By the same token, I believe this particular ecclesial season provides
a very special context for promoting the canonization of Dorothy Day.
Pope Francis, it seems to me, is the fulfillment of Dorothy’s dreams.
If she had let her imagination run free, she might have conceived of a
pope who took his name from St. Francis, who set out to renew the
church in the image of Jesus, promoting the centrality of mercy,
reconciliation and solidarity with those on the margins. So often she
criticized ecclesial trappings of power and privilege. How she would
have delighted in Francis’ gestures of humility, his call for
shepherds “who have the smell of the sheep,” his washing the feet of
prisoners (including women and Muslims), his tears on the island of
Lampedusa as he contemplated the deaths of nameless immigrants and
lambasted the “culture of indifference.” With her love for the Cuban
people, how she would have rejoiced in his role in overcoming decades
of intransigent enmity between the U.S. and Cuban governments. How, on
the eve of an imminent war with Syria, she would have eagerly
accompanied him in his vigil for peace. How moved she would be to
learn of his deep friendship with a Jewish rabbi, his love for opera
and Dostoevsky, and his exhortation to spread the “joy of the Gospel.”
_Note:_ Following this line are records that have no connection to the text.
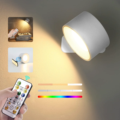 Dimmable Rechargeable Wireless Magnetic Wall Sconce Lamp1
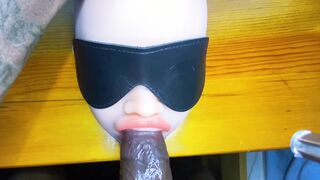 BIG BLACK COCK MOUTH INSTRUCTING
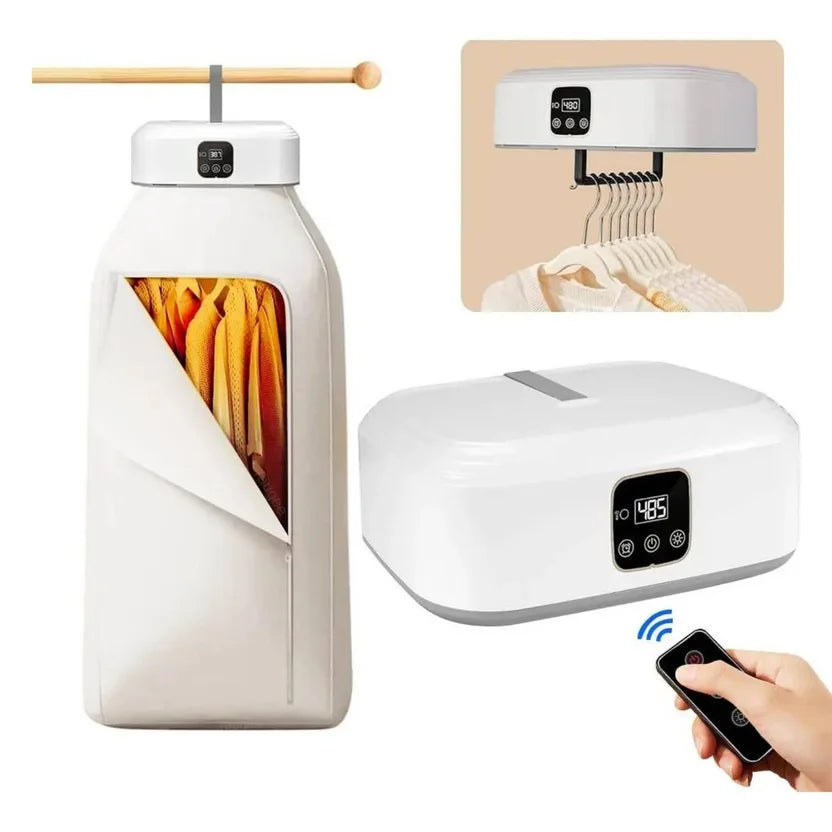 Secador de Ropa Portátil Eléctrico AM-400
Some have suggested that the new atmosphere under Pope Francis has put
wind in the sails of Dorothy’s canonization. But I would put it
another way. I think the cause of Dorothy’s canonization helps put
wind in the sails of the pope’s agenda. Support for her cause, in this
context, means more than keeping her memory alive. It contributes to
the ongoing program of renewal of the church—not for its own sake but
for the sake of a wounded world.

What of the concerns that canonization will cause her witness to be
watered down and homogenized? I think her full story—so inseparable
from her “message”—is clear and widely available. To be sure, there
has at times been a tendency on the part of some to put all too much
emphasis on her abortion, to make that experience a central feature in
the narrative of her journey from “sinner to saint.” In fact, as we
know, the driving force of Dorothy’s conversion was not shame over her
sins but gratitude for God’s grace. The turning point in her story was
not her abortion but the experience of becoming pregnant and giving
birth. In the end, I believe that canonization is the best insurance
that her story and the distinctive features of her holiness will be
remembered—not just in our time but far from now in the future. Just
as the beatification of Franz Jägerstätter lifts up the memory of his
“solitary witness,” so I believe the canonization process for Dorothy
Day will spread the story of her going to jail to protest civil
defense drills and the blasphemy of all preparations for nuclear war.
It will move her witness from the margins to the center of the
church’s memory.

The Making of a Legend

Of course, we regularly witness the domestication of radical prophets.
Francis of Assisi becomes the patron saint of bird baths. Martin
Luther King Jr. is universally remembered for his “dream” of a
post-racial America—but not for his critique of militarism and
capitalism. Dorothy Day is hardly exempt from this danger. Even while
she lived, Dorothy had to confront pious legend-making. She upbraided
Catherine de Hueck Doherty for promoting the myth that she shared her
bed with a syphilitic homeless woman. (Dorothy retorted, “I can’t even
sleep with my daughter, she wiggles too much!”) She was exasperated
with people who asked if she bore the stigmata or enjoyed visions.
(“Just visions of dirty dishes and unpaid bills!”) With or without
canonization, some people will always prefer the myth. The answer, I
think, is not to reject her canonization, but to assume the task of
proclaiming her story with all its radical edges, making sure that
nothing of her humanity is discarded.

But didn’t Dorothy say, “Don’t call me a saint; I don’t want to be
dismissed so easily”? I am astonished that so many people—even those
who would be hard-pressed to come up with another quote—can recite
those words (though their exact source is unclear). A real saint could
hardly have said otherwise. But in Dorothy’s case, this was more than
humility. She worried that people would put her up on a pedestal, that
they would believe her to be without faults, imagining that if she
performed seemingly difficult things, it was because they were not
really difficult for her—she, after all, being a saint. She felt this
was a way for people to dismiss her witness and let themselves off the
hook. She didn’t believe she was better than other people. She didn’t
believe people should set out to imitate her. They should look to
Christ as their model. All Christians were called to “put off the old
person and put on Christ,” to conform their lives to the pattern of
the Gospel, to respond to their own call to holiness—whatever form
that might take.

I once heard her say, “When they call you a saint, it means basically
that you are not to be taken seriously.” But when Dorothy used the
word saint, she certainly wasn’t indicating someone to be dismissed
easily; on the contrary, a saint was someone to be taken with the
utmost seriousness.

Still, there is a natural cynicism that arises in relation to this
process, with all its elaborate bureaucracy, protocol and, yes,
expense. Ken Woodward, in Making Saints, acknowledged this issue in
his chapter on Dorothy Day. Whereas the usual question with regard to
a potential saint is whether the candidate is worthy of the process,
in the case of Dorothy Day there is a suspicion that the process is
not worthy of her. Perhaps, some might say, it is better that she
remain a “people’s saint”—not an officially canonized figure.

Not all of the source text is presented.